Semua anak-anak saya, bekerja di ruang publik. Berhubungan dengan banyak orang. Mobilitas tinggi dari ruang, orang, wilayah. Saya cuma mengajak mereka hidup bersih. Berangkat mandi, pulang mandi. Pakai air hangat dan sabun (kan sabun dianggap paling ampuh membasmi virus? Kenapa vaksinasi, bukan sabunisasi?).

Konon virus corona mati kutu dengan alkohol berkadar 70%, kenapa tidak alkoholisasi?

Indonesia banyak tanaman herbal, potensi sebagai obat. Buat apa bikin Kemenristek, kalau mau bikin ‘minuman keras’ sudah dihadang pasal haram? Padal ‘minuman keras’ pengertiannya bukan minuman biasa, tetapi minuman yang mengandung obat?

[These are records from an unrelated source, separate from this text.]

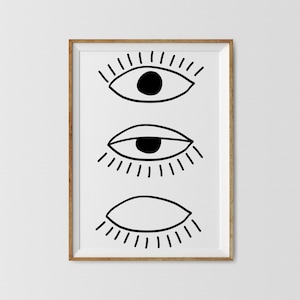 Line Drawing Eye Art Print, Black and White Print Boho Evil Eye Print, Bohemian Decor, Abstract Art Eye Line Art Print Neutral Art, Minimal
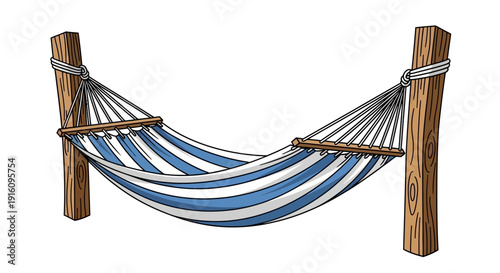 Blue and White Striped Relaxing Hammock Tied Between Two Wooden Posts Illustration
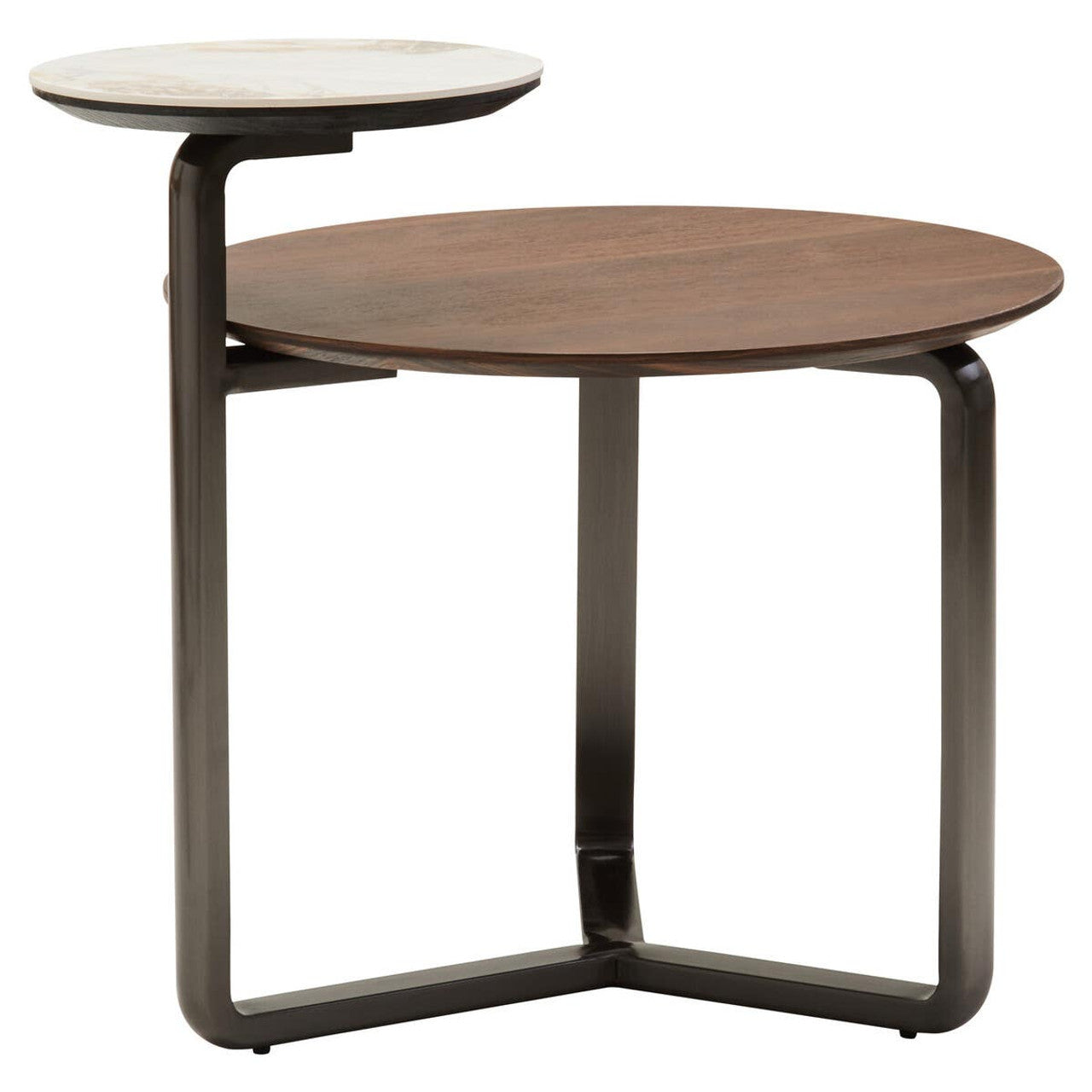 Regalia 2 Tier Round Veneer and Ceramic Coffee Table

Wine dari Perancis, adalah minuman fermentasi yang masuk ke Indonesia dengan bebas. Tapi mengapa untuk memberi ijin pada pabrik-pabrik minuman lokal, dengan teknologi fermentasi seperti di Bali, Makassar, Bekonang, Pati, Bandung, Aceh, NTT, Papua, bisa dimentahkan karena pasal haram-jadah?

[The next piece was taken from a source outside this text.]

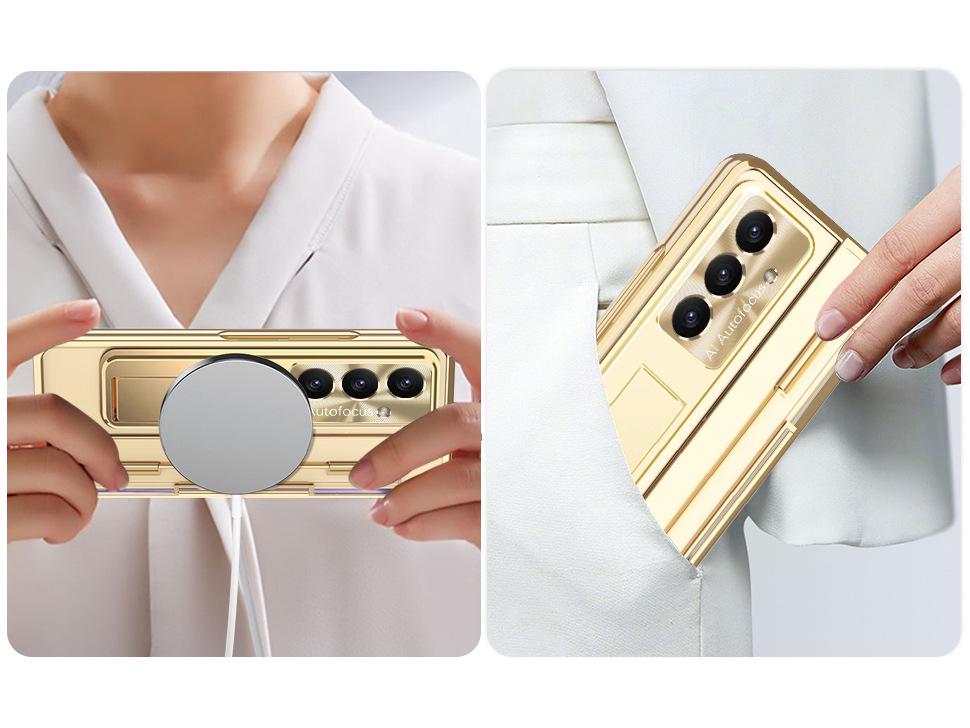 Samsung ZFold7 Flat Hinge Protective Case with Electroplated Lens Film and Leather Design (Compatible with FOLD6 and W22)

Padal kadar alkohol dari minuman tradisional itu secara medis bisa menjadi pendorong daya imunitas tubuh? 

Para birokrat pemerintah dan ASN lebih suka memberi himbauan lewat virtual, dari ruang ber-AC, ruang yang sama-sama disukai virus. Itu pun saya tidak mendengar ajakan untuk melakukan gaya hidup baru dan pola konsumsi berimbang, yang mudah dan murah, beberapa gratis.

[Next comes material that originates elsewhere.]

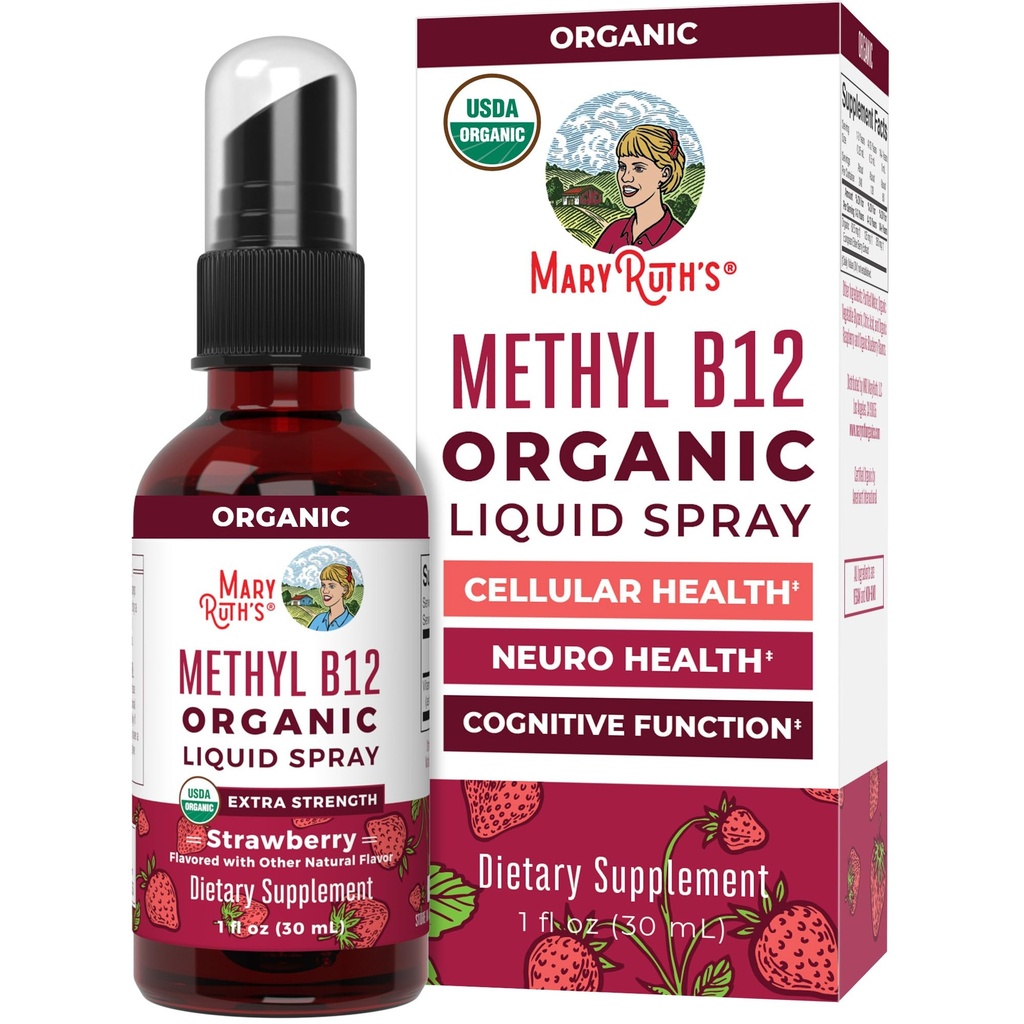 MaryRuth Organics Vitamin B12 Limid Spray 124; Vegan, Non- GMO, Gluten- Free Glut- Free 124; USDA Tambahan Organik 124; Energy & Nerve System Dukungan 124; B12 Vitamin untuk Perempuan & Pria & Pria 124r Mcg; 1 Fl Oz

Apa coba uraian new-normal itu? Kalau imunitas tumbuh galak, memang ada yang dirugikan sih. Makanya di sisi lain, daya imunitas manusia juga merupakan ancaman bagi mereka yang lebih suka daya imunitas manusia punya ketergantungan.

Memang berat hidup di Indonesia. Mengritik dibilang benci. Tapi mencaci-maki mendapat tepuk tangan. Padal tepuk tangan dibilang Yahudi. Jadi, keputusannya; Saya patuh dengan prokes 3M, agar tidak ribet dan ribet dengan Satgas Covid-19.

Tapi, di Republik ini, hidup saya urusan saya. Tidak seorang pun ingin mati terpapar Covid-19. Tidak juga ada yang ingin mati kelaparan.